Tsunehisa Katsumata, right, former chairman of Tokyo Electric Power Co. (TEPCO), arrives at Tokyo District Court for a trial in Tokyo Friday, June 30, 2017. Three former executives of TEPCO, including Katsumata, are going on trial for alleged negligence in the 2011 Fukushima nuclear disaster. The trial is the first to consider whether the utility can be held criminally responsible. (Shigeyuki Inakuma/Kyodo News via AP)

The Latest: Defense, prosecution face off in Fukushima trial

June 30, 2017 - 3:03 am

TOKYO (AP) — The Latest on the trial of three Japanese utility executives for the Fukushima nuclear plant disaster (all times local):

3:45 p.m.

Defense attorneys for three former Tokyo Electric Power Co. executives say that experts were divided about a tsunami estimate made before the 2011 disaster that decimated the Fukushima nuclear power plant.

The ex-TEPCO chairman and two former vice presidents are charged with professional negligence for not taking sufficient preventive measures before the tsunami.

Their trial got underway Friday in district court in Tokyo.

The prosecution started presenting more than 230 pieces of evidence including emails between safety officials and the two vice presidents suggesting increasing concern and the need to take additional tsunami measures at the Fukushima plant.

The defense said the damage to the nuclear plant was much larger than predicted by the estimate, so any steps taken based on the estimate would not have prevented the disaster.


12:30 p.m.

Three former executives of Tokyo Electric Power Co. have pleaded not guilty to charges of negligence for the 2011 meltdowns at the Fukushima nuclear power plant.

Former TEPCO Chairman Tsunehisa Katsumata (tsoo-neh-hee-sah kah-tsoo-mah-tah) and vice presidents Sakae Muto (sah-kah-eh moo-toh) and Ichiro Takekuro (ee-chee-roh tah-keh-koo-roh) entered their pleas Friday in Tokyo District Court.

Each apologized for the disaster and the trouble it caused.

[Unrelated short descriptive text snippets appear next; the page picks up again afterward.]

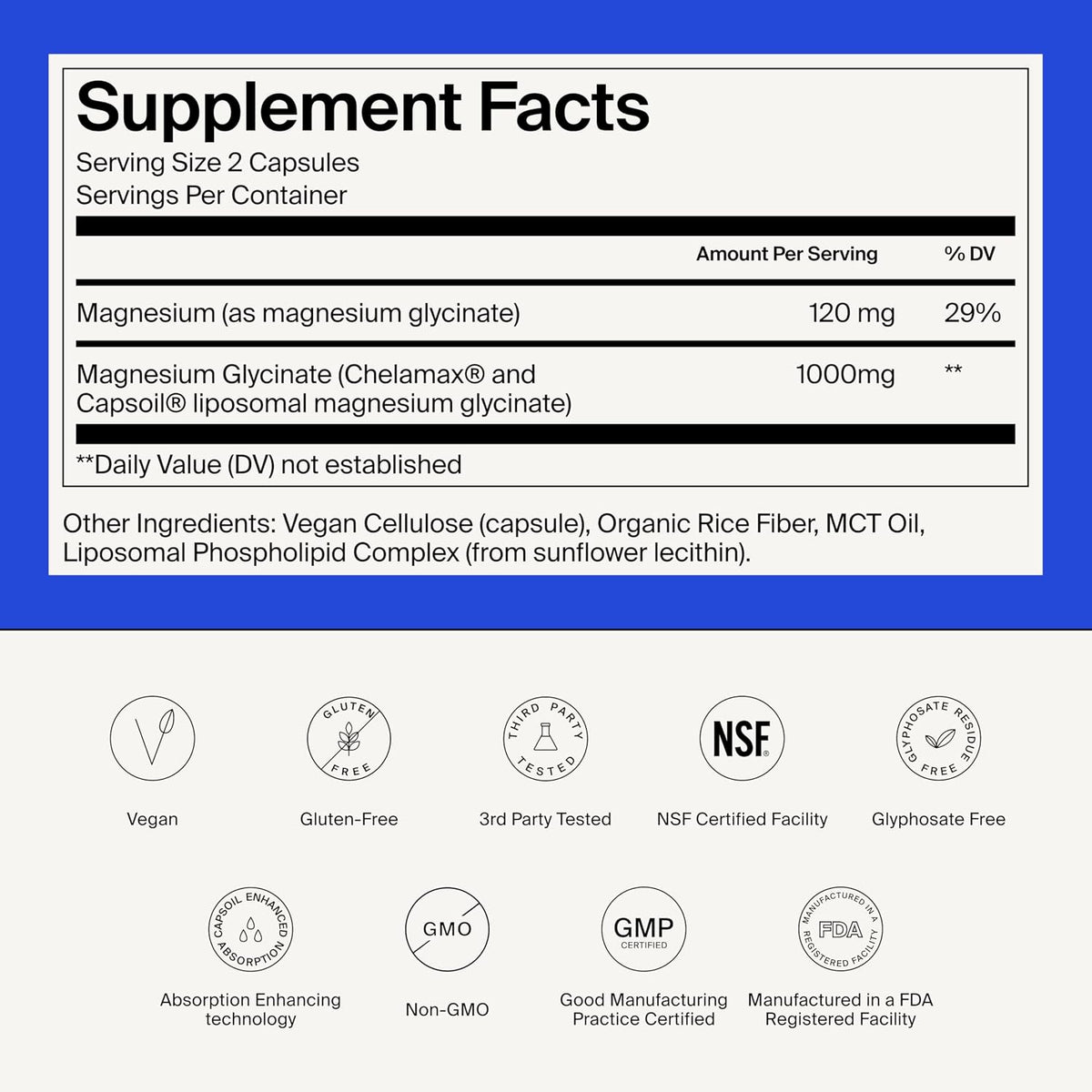 The Absorption Company Magnesium Glycinate 1000mg - 120 Liposomal Capsules | Liposomal Magnesium Bisglycinate, Max Absorption & Extra Strength for Relaxation, Non-Laxative, Vegan Calming Supplement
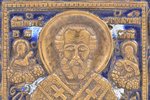 ikona, Svētais Nikolajs Brīnumdarītājs, vara sakausējuma, 2-krāsu emalja, Krievijas impērija, 19. un...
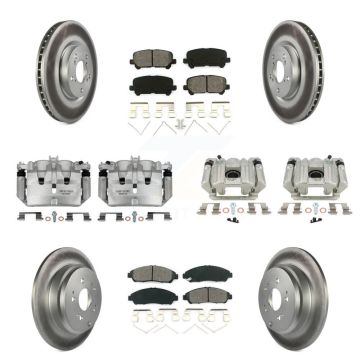Front Rear Disc Brake Caliper Coat Rotors Semi-Metallic Pad Kit (10Pc) For Acura MDX ZDX KCG-100878S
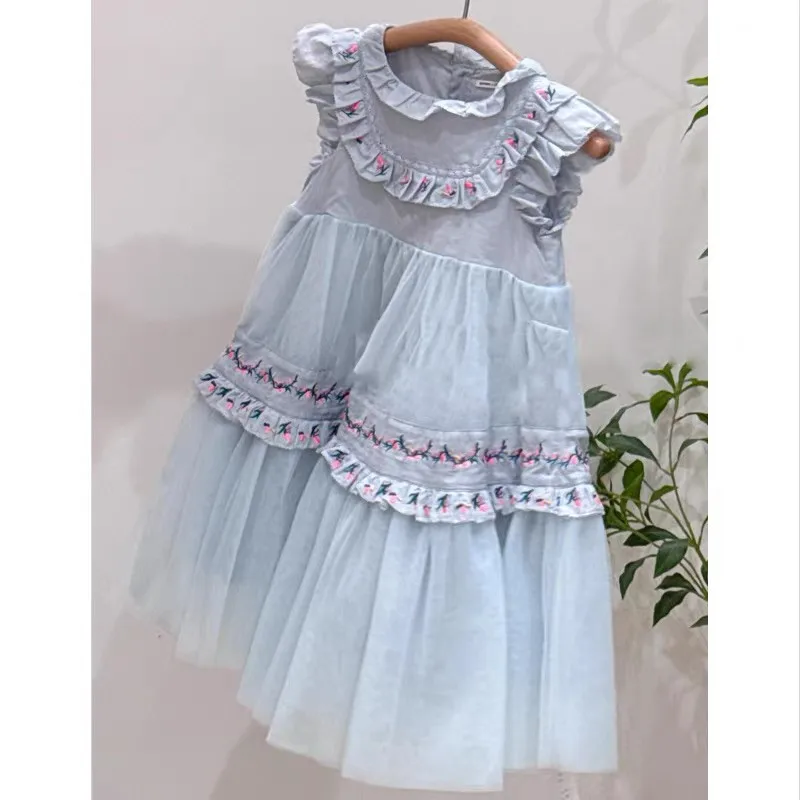 فستان الأميرة الشبكي المطرز بتصميم عتيق للفتيات، ملابس صيفية جديدة للأطفال، فستان عصري وأنيق #4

They said they don't think they bear criminal responsibility, because they couldn't foresee it.

The plant was hit by a powerful earthquake and tsunami in March 2011. Radiation spread to surrounding communities, and some areas remain uninhabitable six years later.

The trial is expected to focus on whether the former officials should have been aware of the risk and preventive measures could have prevented the disaster.